Make an exact copy of the whole listing, but leave its pictures out.

Data provided ▸
BEGIN
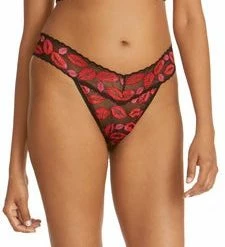Hanky Panky Kissing Original Rise Thong 4L1186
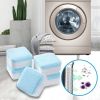 Антибактериальное Средство для чистки стиральной машины Washing Machin Cleaner, Таблетки по уходу за бытовой техникой, для очистки и удаления запаха остатков грязи и налета, для всех моделей стиральных машин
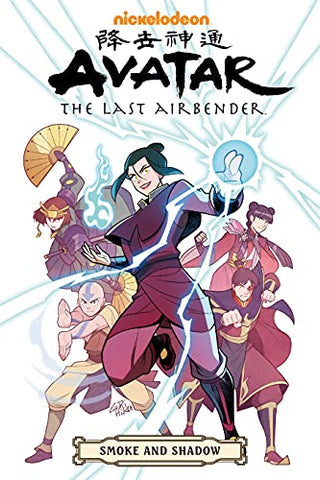 Avatar: The Last Airbender Smoke and Shadow Omnibus TP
END
Answer to the problem ▸
Hanky Panky Kissing Original Rise Thong 4L1186
 Антибактериальное Средство для чистки стиральной машины Washing Machin Cleaner, Таблетки по уходу за бытовой техникой, для очистки и удаления запаха остатков грязи и налета, для всех моделей стиральных машин
 Avatar: The Last Airbender Smoke and Shadow Omnibus TP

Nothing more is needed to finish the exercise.